◆ Action item
Please copy out the records that follow exactly as they stand.

◆ Caption-style text data
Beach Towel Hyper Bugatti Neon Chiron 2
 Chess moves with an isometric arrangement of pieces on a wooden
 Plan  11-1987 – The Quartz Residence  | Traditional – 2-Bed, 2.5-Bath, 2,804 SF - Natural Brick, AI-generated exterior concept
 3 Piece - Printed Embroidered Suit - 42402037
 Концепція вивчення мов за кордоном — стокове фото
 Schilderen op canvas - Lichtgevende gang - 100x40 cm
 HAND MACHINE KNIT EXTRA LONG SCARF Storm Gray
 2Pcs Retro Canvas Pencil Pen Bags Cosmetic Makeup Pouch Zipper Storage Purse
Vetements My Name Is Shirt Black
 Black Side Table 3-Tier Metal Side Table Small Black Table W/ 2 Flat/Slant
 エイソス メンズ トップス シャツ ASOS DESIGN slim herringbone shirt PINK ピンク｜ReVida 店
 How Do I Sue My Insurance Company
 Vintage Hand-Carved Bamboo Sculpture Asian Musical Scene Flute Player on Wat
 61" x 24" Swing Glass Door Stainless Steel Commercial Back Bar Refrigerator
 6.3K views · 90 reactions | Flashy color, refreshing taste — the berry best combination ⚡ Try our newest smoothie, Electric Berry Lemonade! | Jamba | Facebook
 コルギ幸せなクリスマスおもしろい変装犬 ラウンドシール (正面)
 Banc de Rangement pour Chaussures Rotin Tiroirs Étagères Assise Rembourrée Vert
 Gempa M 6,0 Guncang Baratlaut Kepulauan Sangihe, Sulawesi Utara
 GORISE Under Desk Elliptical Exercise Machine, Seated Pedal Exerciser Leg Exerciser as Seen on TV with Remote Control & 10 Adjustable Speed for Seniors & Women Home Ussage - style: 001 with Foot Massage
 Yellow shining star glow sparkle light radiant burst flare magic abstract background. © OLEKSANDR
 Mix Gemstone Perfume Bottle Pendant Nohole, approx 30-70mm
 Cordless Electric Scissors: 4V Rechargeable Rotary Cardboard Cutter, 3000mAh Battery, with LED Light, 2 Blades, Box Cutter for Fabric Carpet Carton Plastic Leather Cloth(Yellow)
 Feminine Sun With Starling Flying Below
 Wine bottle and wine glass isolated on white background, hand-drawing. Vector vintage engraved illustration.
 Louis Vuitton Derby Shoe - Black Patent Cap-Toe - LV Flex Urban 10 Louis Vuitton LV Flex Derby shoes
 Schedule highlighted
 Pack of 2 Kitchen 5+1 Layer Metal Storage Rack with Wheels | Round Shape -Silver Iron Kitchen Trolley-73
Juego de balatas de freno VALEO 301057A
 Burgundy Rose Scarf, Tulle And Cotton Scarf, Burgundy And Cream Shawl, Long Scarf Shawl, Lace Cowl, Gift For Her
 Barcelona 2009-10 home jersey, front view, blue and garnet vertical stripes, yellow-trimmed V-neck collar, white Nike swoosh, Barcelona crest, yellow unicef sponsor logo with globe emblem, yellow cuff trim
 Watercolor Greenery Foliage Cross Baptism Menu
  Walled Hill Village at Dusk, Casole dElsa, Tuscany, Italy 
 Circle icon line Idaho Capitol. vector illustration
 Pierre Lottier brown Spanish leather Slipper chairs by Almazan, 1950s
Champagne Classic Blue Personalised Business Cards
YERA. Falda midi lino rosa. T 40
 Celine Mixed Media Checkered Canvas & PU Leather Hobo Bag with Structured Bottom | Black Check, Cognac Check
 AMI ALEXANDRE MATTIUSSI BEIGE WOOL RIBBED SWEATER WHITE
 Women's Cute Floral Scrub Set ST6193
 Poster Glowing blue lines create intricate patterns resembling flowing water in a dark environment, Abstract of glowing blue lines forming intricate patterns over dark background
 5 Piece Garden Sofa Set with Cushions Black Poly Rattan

◆ Answer section
Beach Towel Hyper Bugatti Neon Chiron 2
 Chess moves with an isometric arrangement of pieces on a wooden
 Plan  11-1987 – The Quartz Residence  | Traditional – 2-Bed, 2.5-Bath, 2,804 SF - Natural Brick, AI-generated exterior concept
 3 Piece - Printed Embroidered Suit - 42402037
 Концепція вивчення мов за кордоном — стокове фото
 Schilderen op canvas - Lichtgevende gang - 100x40 cm
 HAND MACHINE KNIT EXTRA LONG SCARF Storm Gray
 2Pcs Retro Canvas Pencil Pen Bags Cosmetic Makeup Pouch Zipper Storage Purse
Vetements My Name Is Shirt Black
 Black Side Table 3-Tier Metal Side Table Small Black Table W/ 2 Flat/Slant
 エイソス メンズ トップス シャツ ASOS DESIGN slim herringbone shirt PINK ピンク｜ReVida 店
 How Do I Sue My Insurance Company
 Vintage Hand-Carved Bamboo Sculpture Asian Musical Scene Flute Player on Wat
 61" x 24" Swing Glass Door Stainless Steel Commercial Back Bar Refrigerator
 6.3K views · 90 reactions | Flashy color, refreshing taste — the berry best combination ⚡ Try our newest smoothie, Electric Berry Lemonade! | Jamba | Facebook
 コルギ幸せなクリスマスおもしろい変装犬 ラウンドシール (正面)
 Banc de Rangement pour Chaussures Rotin Tiroirs Étagères Assise Rembourrée Vert
 Gempa M 6,0 Guncang Baratlaut Kepulauan Sangihe, Sulawesi Utara
 GORISE Under Desk Elliptical Exercise Machine, Seated Pedal Exerciser Leg Exerciser as Seen on TV with Remote Control & 10 Adjustable Speed for Seniors & Women Home Ussage - style: 001 with Foot Massage
 Yellow shining star glow sparkle light radiant burst flare magic abstract background. © OLEKSANDR
 Mix Gemstone Perfume Bottle Pendant Nohole, approx 30-70mm
 Cordless Electric Scissors: 4V Rechargeable Rotary Cardboard Cutter, 3000mAh Battery, with LED Light, 2 Blades, Box Cutter for Fabric Carpet Carton Plastic Leather Cloth(Yellow)
 Feminine Sun With Starling Flying Below
 Wine bottle and wine glass isolated on white background, hand-drawing. Vector vintage engraved illustration.
 Louis Vuitton Derby Shoe - Black Patent Cap-Toe - LV Flex Urban 10 Louis Vuitton LV Flex Derby shoes
 Schedule highlighted
 Pack of 2 Kitchen 5+1 Layer Metal Storage Rack with Wheels | Round Shape -Silver Iron Kitchen Trolley-73
Juego de balatas de freno VALEO 301057A
 Burgundy Rose Scarf, Tulle And Cotton Scarf, Burgundy And Cream Shawl, Long Scarf Shawl, Lace Cowl, Gift For Her
 Barcelona 2009-10 home jersey, front view, blue and garnet vertical stripes, yellow-trimmed V-neck collar, white Nike swoosh, Barcelona crest, yellow unicef sponsor logo with globe emblem, yellow cuff trim
 Watercolor Greenery Foliage Cross Baptism Menu
  Walled Hill Village at Dusk, Casole dElsa, Tuscany, Italy 
 Circle icon line Idaho Capitol. vector illustration
 Pierre Lottier brown Spanish leather Slipper chairs by Almazan, 1950s
Champagne Classic Blue Personalised Business Cards
YERA. Falda midi lino rosa. T 40
 Celine Mixed Media Checkered Canvas & PU Leather Hobo Bag with Structured Bottom | Black Check, Cognac Check
 AMI ALEXANDRE MATTIUSSI BEIGE WOOL RIBBED SWEATER WHITE
 Women's Cute Floral Scrub Set ST6193
 Poster Glowing blue lines create intricate patterns resembling flowing water in a dark environment, Abstract of glowing blue lines forming intricate patterns over dark background
 5 Piece Garden Sofa Set with Cushions Black Poly Rattan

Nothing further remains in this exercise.